I believe that the following would be the simplest implementation both in
terms of how much implementation work is needed and the probable
effectiveness:
Put delta files into a separate folder (thus also avoiding a snapshot from
containing the deltas):
http://archlinux.mirror.ac.za/delta/core/os/x86_64/kernel26-2.6.28.4-1-x86_6...
Thus, I could do the following (bash pseudocode)
curl http://archlinux.mirror.ac.za/delta/core/os/x86_64/ > tmpfile
grep $pkgname < tmpfile > listing
failed=false
cat listing | while read delta
do
 [ $pkgname-$currentpkgversion-$pkgarch.xd3.tar.gz *within* $delta ] &&
start=true
if [ start=true ]
then while read delta
 do
 wget http://archlinux.mirror.ac.za/delta/core/os/x86_64/$delta &&
applydelta $delta $curfile
 [ $output=$pkgname-$newpkgversion-$pkgarch.tar.gz ] && break
 curfile=`ls -rt | tail -n 1`
 done
fi
[ $output=$pkgname-$newpkgversion-$pkgarch.tar.gz ] && break
done
The above requires no db implementation at all and can work well even using
the above very simple logic.
And yes, by my own standards, the above is very bad bash pseudo-code. :P
Of the above, what is already implemented in pacman?
Everything is already implemented in pacman, with a more complex logic
(which might be totally useless after all)
For each package in a sync db, there is a deltas file besides the
depends and desc one which basically contains the list of deltas for
that package and their size. With this information, and the contents
of the filecache, it computes the shortest path (in term of download
size) to the final package.
That logic applied to an example :
if you have file v1 in your cache, you want to upgrade to v3, and
there are three deltas for this package : v1tov2 , v2tov3 and v1tov3
If v1tov2 + v2tov3 is smaller than v1tov3, it will download the first
two deltas and apply them to get v3. Otherwise it will download the
third one.

The problem of this implementation (besides being probably overkill)
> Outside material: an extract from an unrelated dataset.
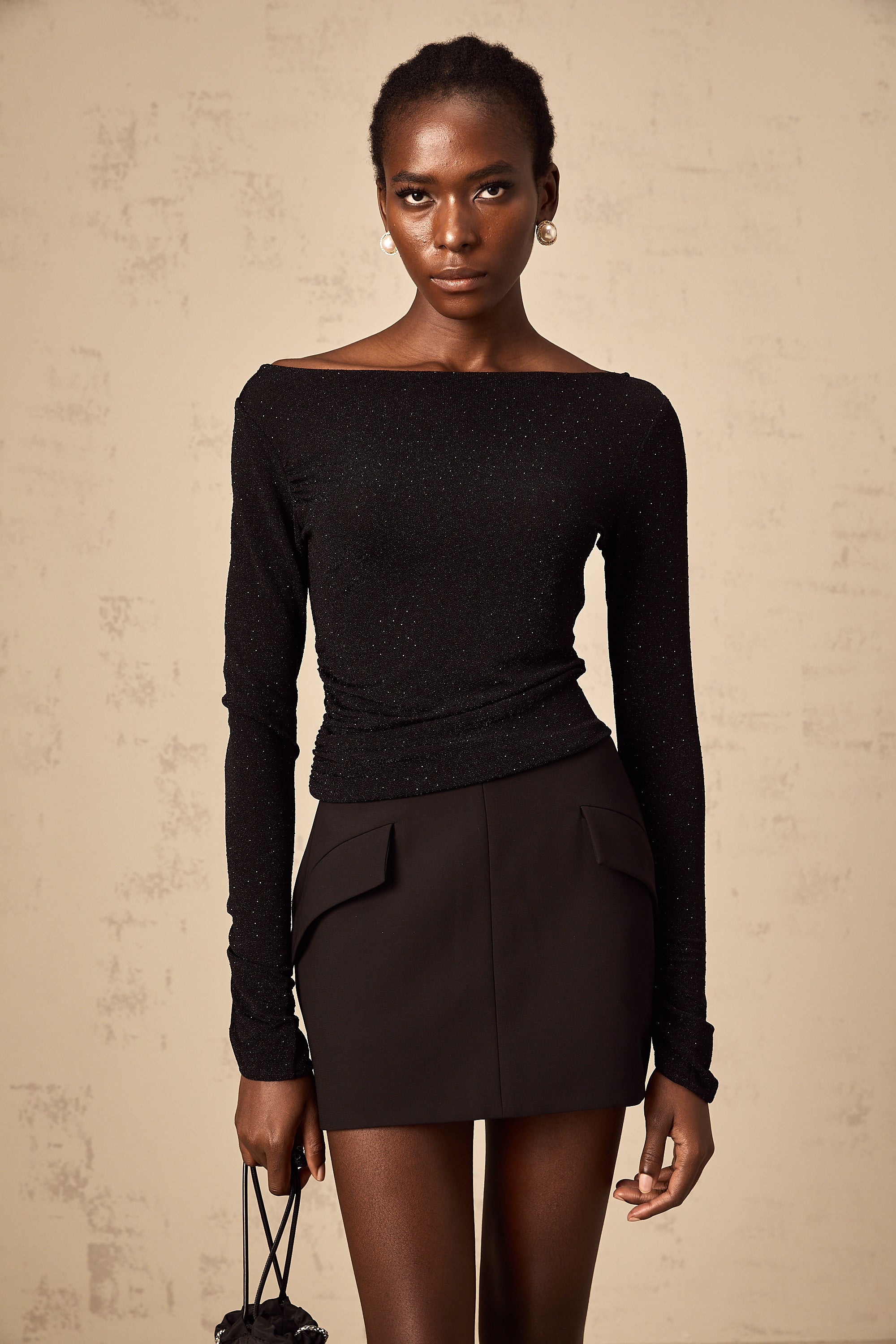 Bérénice black sequined top & skirt matching set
is that it requires information in the sync databases. So either it
requires a big official effort to integrate this stuff and add deltas
to all the official databases. Otherwise, I don't know. You need to
fully mirror the repository you want to add deltas to, then you need
to generate deltas (maybe during mirror sync) and to add the deltas to
your database, and then host everything somewhere (the packages + the
deltas + the database with delta info).